Segment Start: Material supplied

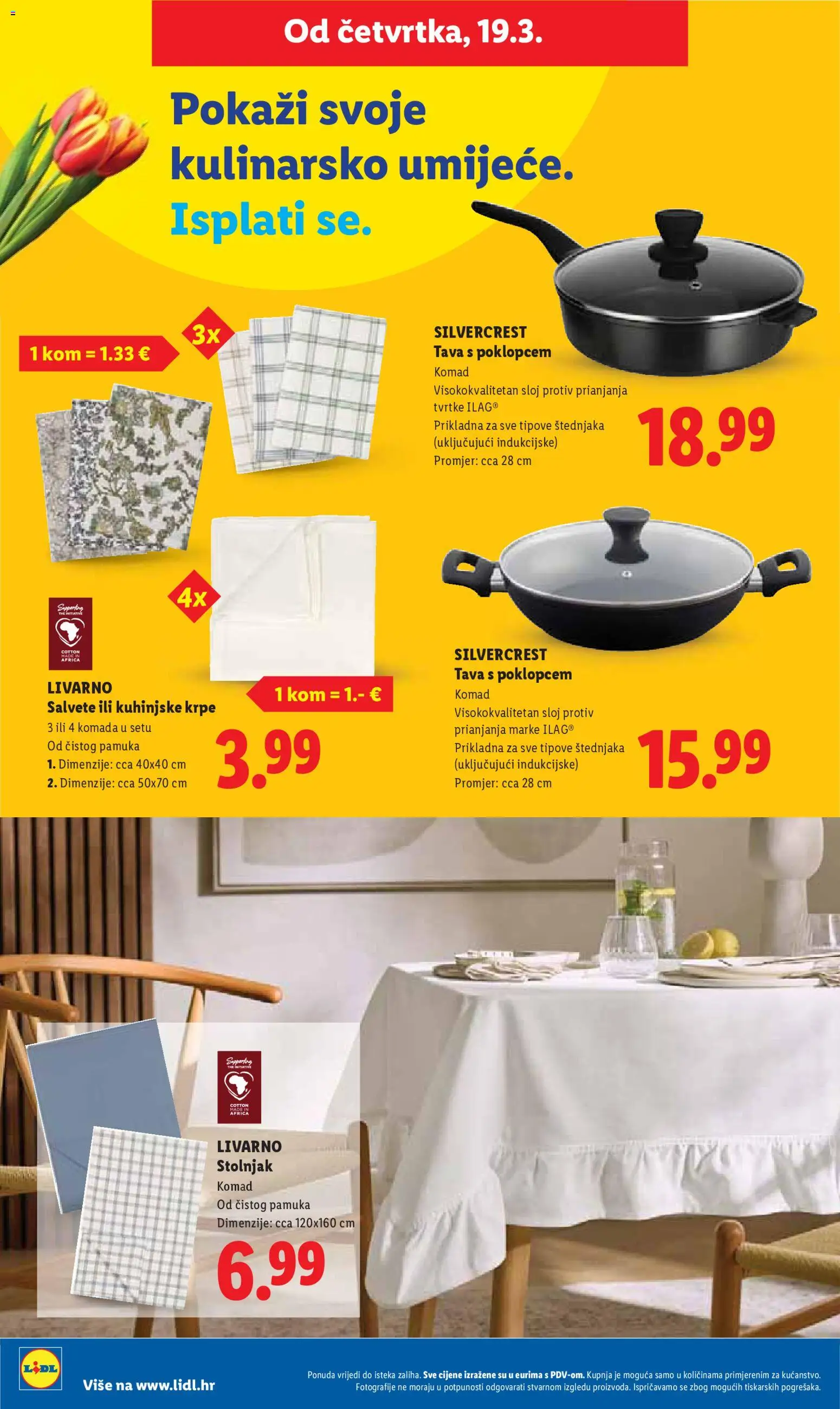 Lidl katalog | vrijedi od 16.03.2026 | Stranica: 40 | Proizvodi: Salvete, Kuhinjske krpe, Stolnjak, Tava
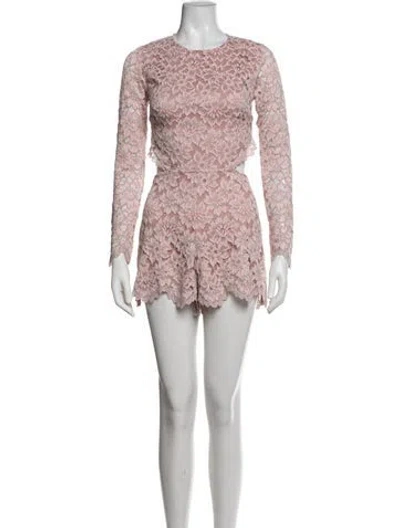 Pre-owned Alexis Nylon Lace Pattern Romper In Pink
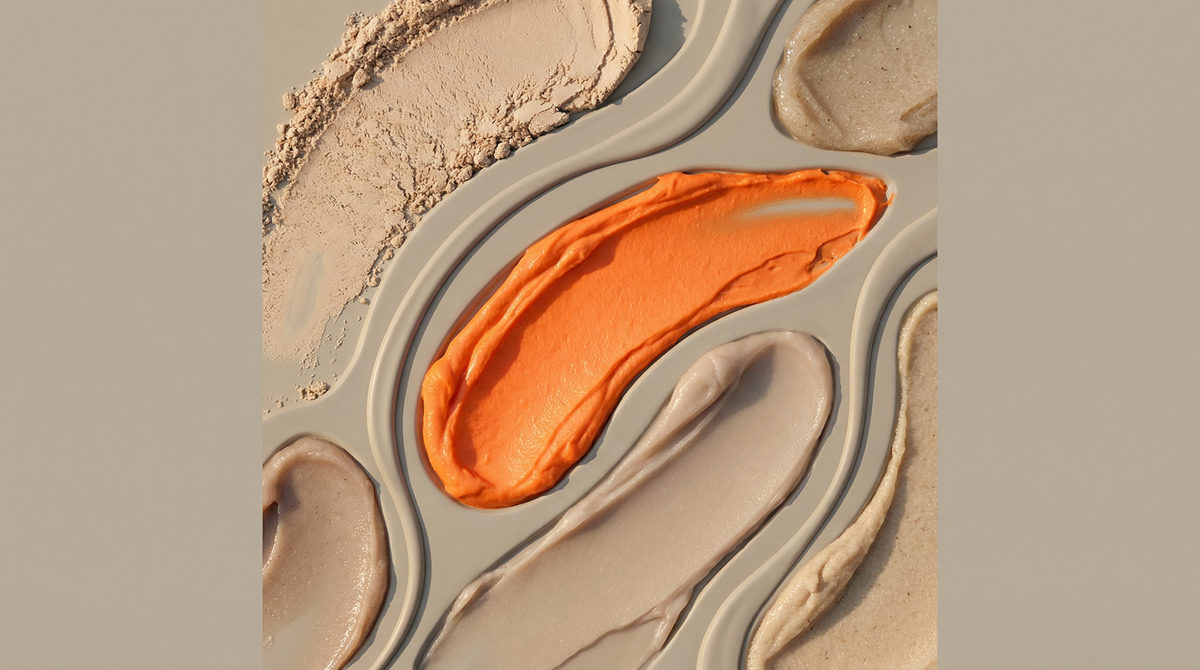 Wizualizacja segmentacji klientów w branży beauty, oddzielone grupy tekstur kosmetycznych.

Segment End: Material supplied
Segment Start: Material supplied

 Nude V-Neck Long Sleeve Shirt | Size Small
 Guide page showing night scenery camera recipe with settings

Segment End: Material supplied

▶ **Your assignment**
Using the records above, return word for word the lines that begin at the one containing "Lidl katalog |" and end at the one containing "Wizualizacja segmentacji klientów", both of them included and no pictures.

▶ **Solved problem**
 Lidl katalog | vrijedi od 16.03.2026 | Stranica: 40 | Proizvodi: Salvete, Kuhinjske krpe, Stolnjak, Tava
 Pre-owned Alexis Nylon Lace Pattern Romper In Pink
 Wizualizacja segmentacji klientów w branży beauty, oddzielone grupy tekstur kosmetycznych.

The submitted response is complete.